SaaS Configuration

What is a SaaS configuration schema?

A SaaS connector is defined in two parts, the Dataset and the SaaS config. The Dataset describes the data that is available from the connector and the SaaS config describes how to connect and retrieve/update the data in the connector. If you contrast this to a database connector, the ways to retrieve/update data conform to a specification (such as SQL) and are consistent. When accessing data from APIs, each application or even different endpoints within the same application can follow different patterns. It was necessary to have a flexible configuration to be able to define the different access/update patterns.

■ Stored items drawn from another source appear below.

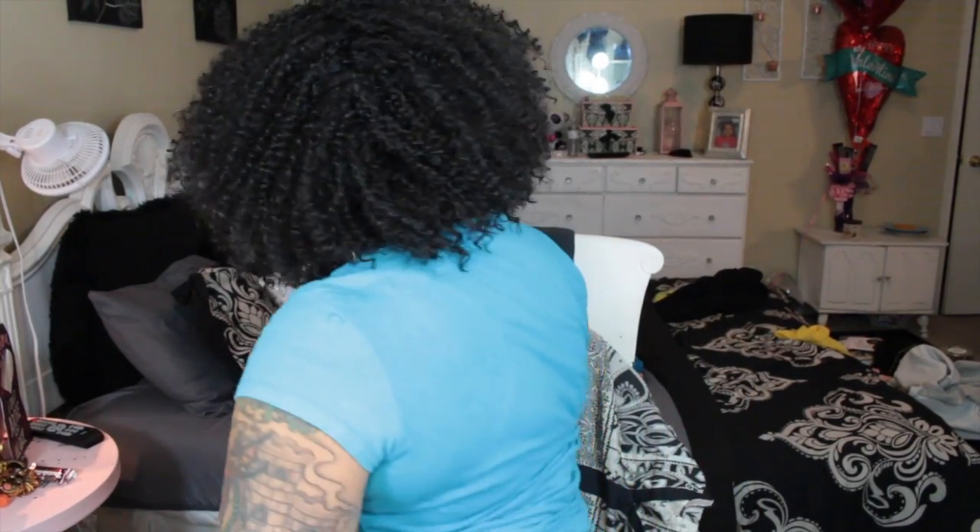I'm going to put a little bit of my edge control on it, which is by Even New York — this is a 24-hour extreme firm hold and I swear by this stuff. I'm just going to keep playing around with this unit and try to make it mine. I'm probably going to look a little crazy in the video because I don't think I have it where I wanted to be yet.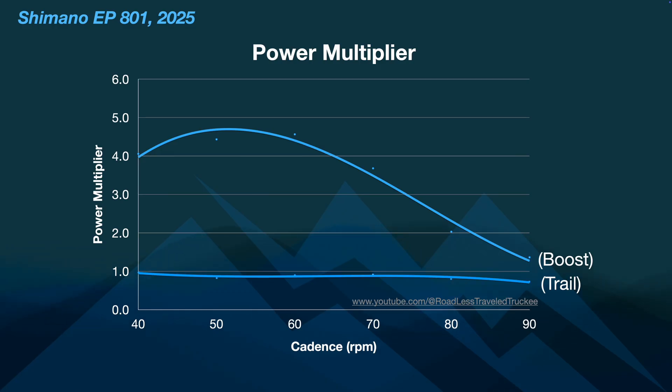This is where it gets interesting. The power multiplier in boost mode, as we saw earlier, is around five — sometimes six or higher — and it is really high early on. That's that party curve description I gave earlier. But the trail mode multiplier is very consistent — it's about one the way they've designed it here. So if you're putting out 100 watts, it's giving 100 watts. If you're putting out 300, it's putting out 300, and it does that through the entire cadence range. You're feeling like it's your own body — a very natural feeling, because you really don't even know the motor is doing anything other than maybe hearing it or going faster than you normally would. You're feeling your own effort, but multiplied.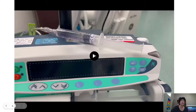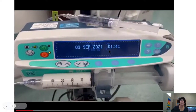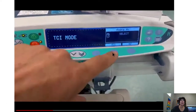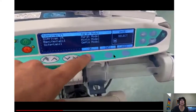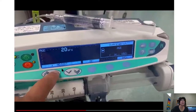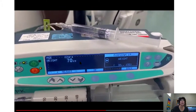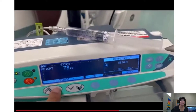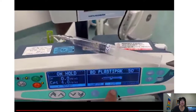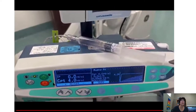So how do I program the pump? I'll find the ON switch, which launches the startup menu. It asks if I want to use TCI — you can also use this as a normal syringe pump. We've selected the Marsh model, and then we set the age of the patient. The big arrows adjust in 10s and the small arrows in 1s. When we've got the right age we press OK, then set the weight of the patient the same way. It will ask us to confirm, confirm again, and confirm the syringe — and then we're on hold. We do nothing until the patient is ready to go.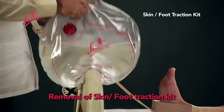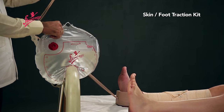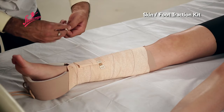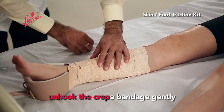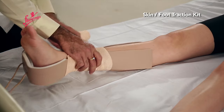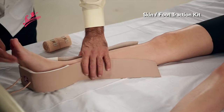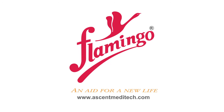Removal of Skin Foot Traction Kit: Remove the Water Weight Bag, then unhook the crepe bandage gently and remove as shown.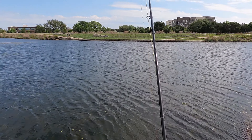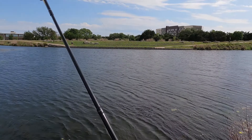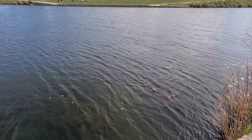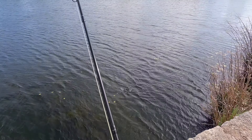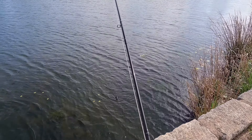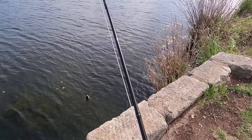Today I'm giving a floating hopper a try — I think this is actually called a Chernobyl — so we'll give that fly a go. On the bottom I've got a Pat's Rubber Leg as a dropper. We'll see how that does. It's pretty windy out here, so hopefully we can get something.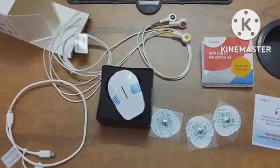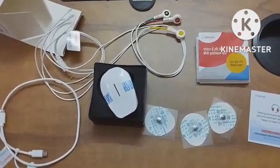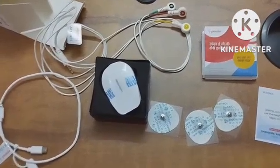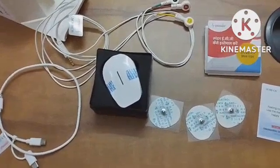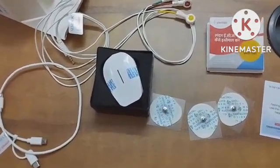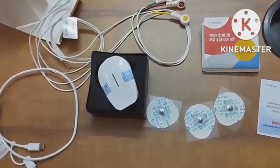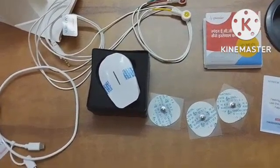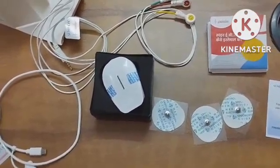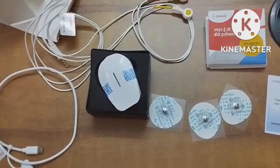Now let us talk about some of the advantages and disadvantages of this device. The first advantage is that the device is very small and you can carry it even in your pocket. It is cheaper than the conventional ECG machine, easy to operate, and can be used with a mobile. You can get a print of the ECG as well as an interpretation. You can get 7-lead ECG or 12-lead ECG with the help of this device.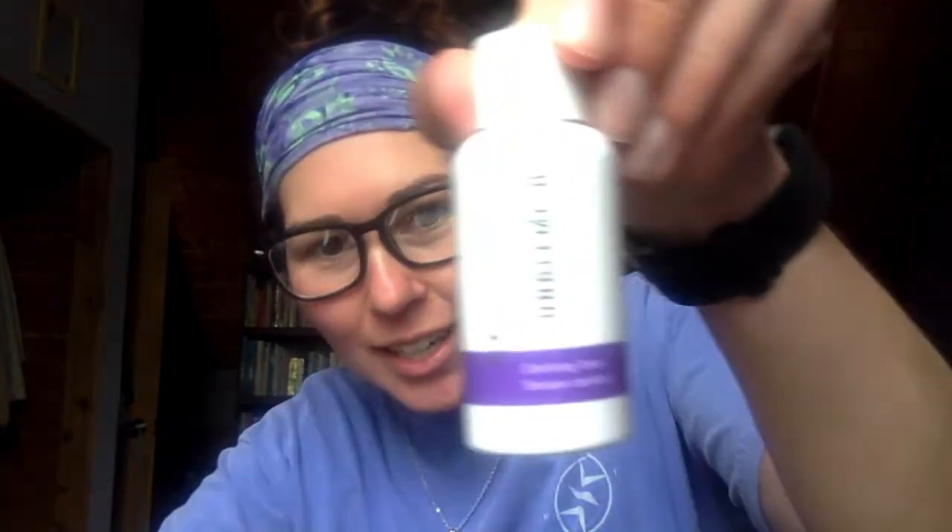The second product is the clarifying toner. The first week that I used this, it really burned. I applied it like I was supposed to and it just really hurt. It made my face really red and it was really uncomfortable.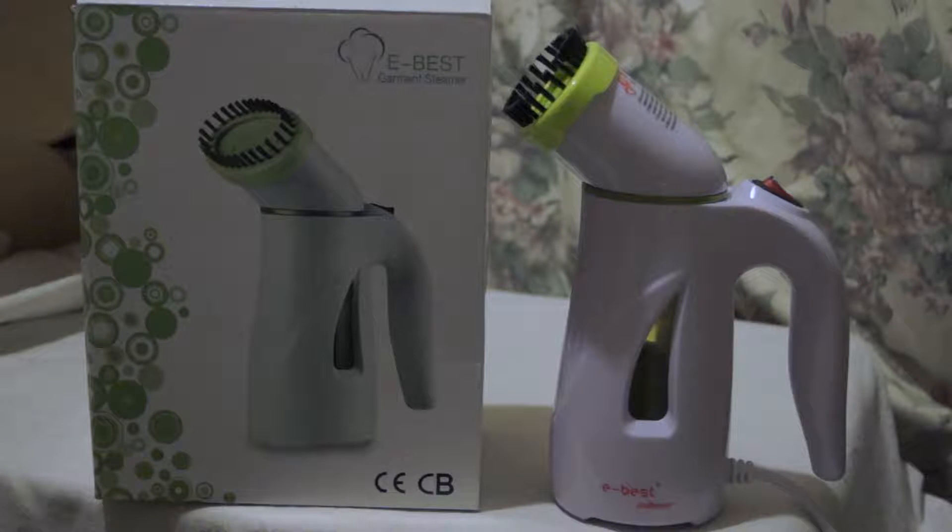But if you're using this at home, especially on bigger items, you might find it a little frustrating because it runs out really quickly. You'd then have to empty the hot water and wait for it to cool down a bit before pouring in new water.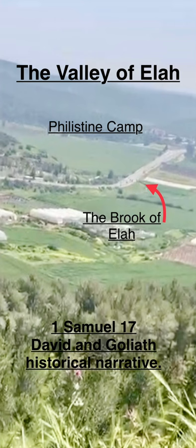He'd already killed a lion and killed a bear to protect his sheep. How will this Philistine, uncircumcised Philistine, be any different?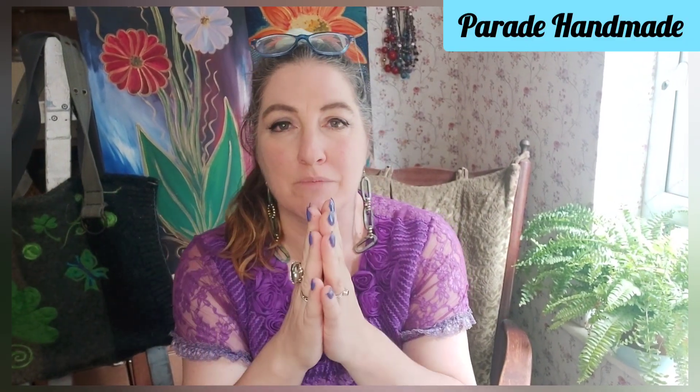Hi, welcome to Parade Handmade. Now I've had a lot of trouble deciding what to do this week. I have a list about that long. I wrote them all out, but I waited until today to really feel what is coming through as the thing to do today.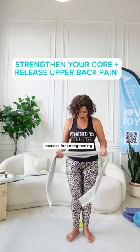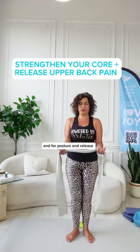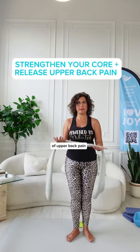Exercise for strengthening your core connection, for posture, and for release of upper back pain. We're going to come into Pilates Dance — bring your elbows close to your waist, squeezing your upper arms to your body.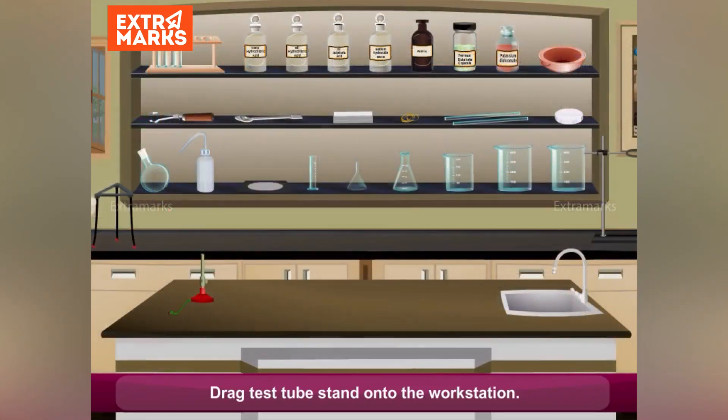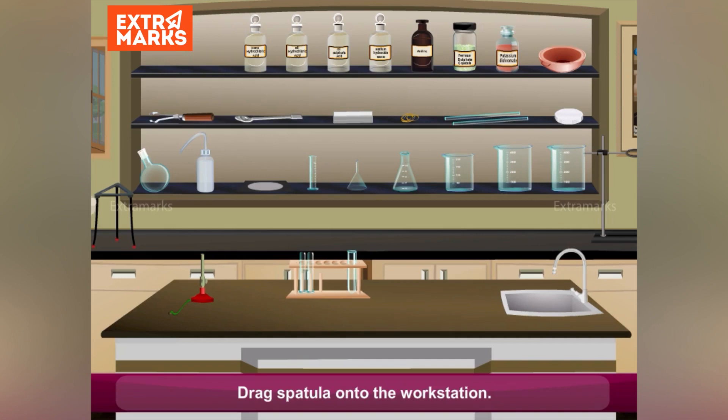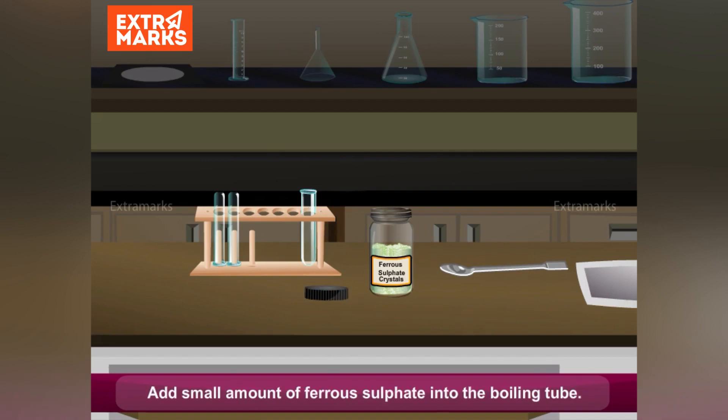Drag the test tube stand onto the workstation. Take out one boiling tube from the test tube stand. Drag the spatula onto the workstation. Drag the ferrous sulphate bottle onto the workstation. Open the bottle of ferrous sulphate. Add a small amount of ferrous sulphate into the boiling tube.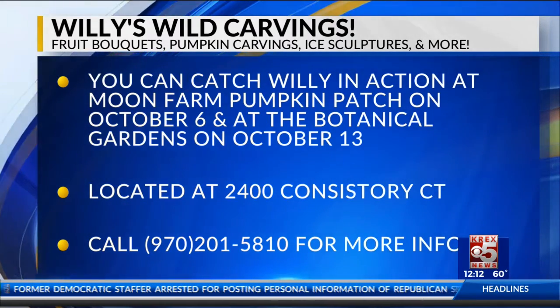We'll be at the Botanica Garden here locally. We'll be carving on the 13th. And also, the Mesa Mall is putting on a free event called Boo & Brew. We'll also be carving live and doing something different that we're creating — you guys have to check it out. We do a lot of events and we go out of town. We're leaving the 13th to go to Denver for two weeks to carve a bunch of pumpkins up there.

Keep in mind that SaaS configs are only applicable to SaaS connectors, not database connectors.

In short, you can think of the Dataset as the "what" (what data is available from this API) and the SaaS config as the "how" (how to access and update the data).

An example SaaS config

For this guide, we will use the SaaS config to connect to Mailchimp, this config defines:

The domain and authentication requirements for an HTTP client to Mailchimp
A test request for verifying the connection was set up correctly
Endpoints to the following resources within the Mailchimp API:
- GET and PUT for the members resource
- GET for the conversations resource
- GET for the messages resource

The following is an example SaaS config for Mailchimp:

saas_config:
  fides_key: mailchimp_connector_example
  name: Mailchimp SaaS Config
  type: mailchimp
  description: A sample schema representing the Mailchimp connector for fidesops
  version: 0.0.1

  connector_params:
    - name: domain
    - name: username
    - name: api_key

  client_config:
    protocol: https
    host: <domain>
    authentication:
      strategy: basic
      configuration:
        username: <username>
        password: <api_key>

  test_request:
    method: GET
    path: /3.0/lists

  endpoints:
  - name: messages
    requests:
      read:
        method: GET
        path: /3.0/conversations/<conversation_id>/messages
        param_values:
          - name: conversation_id
            references:
              - dataset: mailchimp_connector_example
                field: conversations.id
                direction: from
        data_path: conversation_messages
        postprocessors:
          - strategy: filter
            configuration:
              field: from_email
              value:
                identity: email
  - name: conversations
    requests:
      read:
        method: GET
        path: /3.0/conversations
        query_params:
          - name: count
            value: 1000
          - name: offset
            value: 0
        param_values:
          - name: placeholder
            identity: email
        data_path: conversations
        pagination:
          strategy: offset
          configuration:
            incremental_param: offset
            increment_by: 1000
            limit: 10000
  - name: member
    requests:
      read:
        method: GET
        path: /3.0/search-members
        query_params:
          - name: query
            value: <email>
        param_values:
          - name: email
            identity: email
        data_path: exact_matches.members
      update:
        method: PUT
        path: /3.0/lists/<list_id>/members/<subscriber_hash>
        param_values:
          - name: list_id
            references:
              - dataset: mailchimp_connector_example
                field: member.list_id
                direction: from
          - name: subscriber_hash
            references:
              - dataset: mailchimp_connector_example
                field: member.id
                direction: from

A SaaS config schema contains the following metadata fields:

fides_key Used to uniquely identify the connector, this field is used to link a SaaS config to a dataset.
name A human-readable name for the connector.
type Type of SaaS connector. Choose from hubspot, mailchimp, outreach, segment, sentry, stripe, zendesk or use custom for other types.
description Used to add a useful description.
version Used to track different versions of the SaaS config.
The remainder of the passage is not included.